There are a number of situations in which it is important for nodes to agree. For example:

Leader election

In a database with single-leader replication, all nodes need to agree on which node is the leader. The leadership position might become contested if some nodes can’t communicate with others due to a network fault. In this case, consensus is important to avoid a bad failover, resulting in a split brain situation in which two nodes both believe themselves to be the leader (see “Handling Node Outages” on page 156). If there were two leaders, they would both accept writes and their data would diverge, leading to inconsistency and data loss.

Atomic commit

In a database that supports transactions spanning several nodes or partitions, we have the problem that a transaction may fail on some nodes but succeed on others. If we want to maintain transaction atomicity (in the sense of ACID; see “Atomicity” on page 223), we have to get all nodes to agree on the outcome of the transaction: either they all abort/roll back (if anything goes wrong) or they all commit (if nothing goes wrong). This instance of consensus is known as the atomic commit problem.


The Impossibility of Consensus

You may have heard about the FLP result [68]—named after the authors Fischer, Lynch, and Paterson—which proves that there is no algorithm that is always able to reach consensus if there is a risk that a node may crash. In a distributed system, we must assume that nodes may crash, so reliable consensus is impossible. Yet, here we are, discussing algorithms for achieving consensus. What is going on here?

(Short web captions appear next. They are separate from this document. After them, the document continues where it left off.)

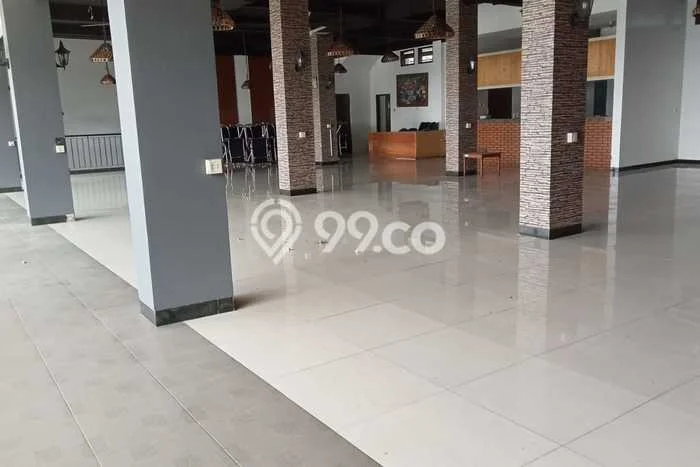 FOR RENT! Komersial di Pajajaran Cocok untuk Bisnis 900m2 FOR RENT! Komersial di Pajajaran Cocok untuk Bisnis 900m2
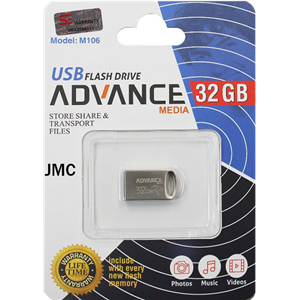 فلش 32 گیگ ADVANCE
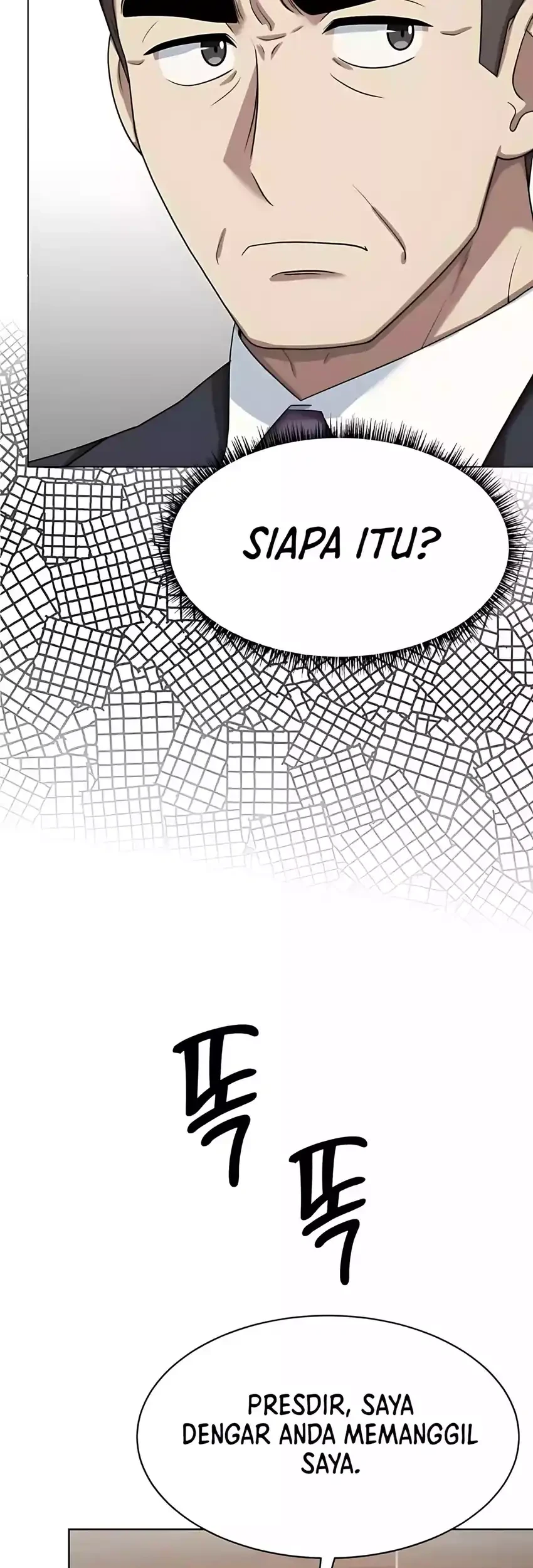 Becoming a Legendary Ace Employee Chapter 113 Gambar 53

The answer is that the FLP result is proved in the asynchronous system model (see “System Model and Reality” on page 306), a very restrictive model that assumes a deterministic algorithm that cannot use any clocks or timeouts. If the algorithm is allowed to use timeouts, or some other way of identifying suspected crashed nodes (even if the suspicion is sometimes wrong), then consensus becomes solvable [67]. Even just allowing the algorithm to use random numbers is sufficient to get around the impossibility result [69].

Thus, although the FLP result about the impossibility of consensus is of great theoretical importance, distributed systems can usually achieve consensus in practice.


In this section we will first examine the atomic commit problem in more detail. In particular, we will discuss the two-phase commit (2PC) algorithm, which is the most common way of solving atomic commit and which is implemented in various databases, messaging systems, and application servers. It turns out that 2PC is a kind of consensus algorithm—but not a very good one [70, 71].

By learning from 2PC we will then work our way toward better consensus algorithms, such as those used in ZooKeeper (Zab) and etcd (Raft).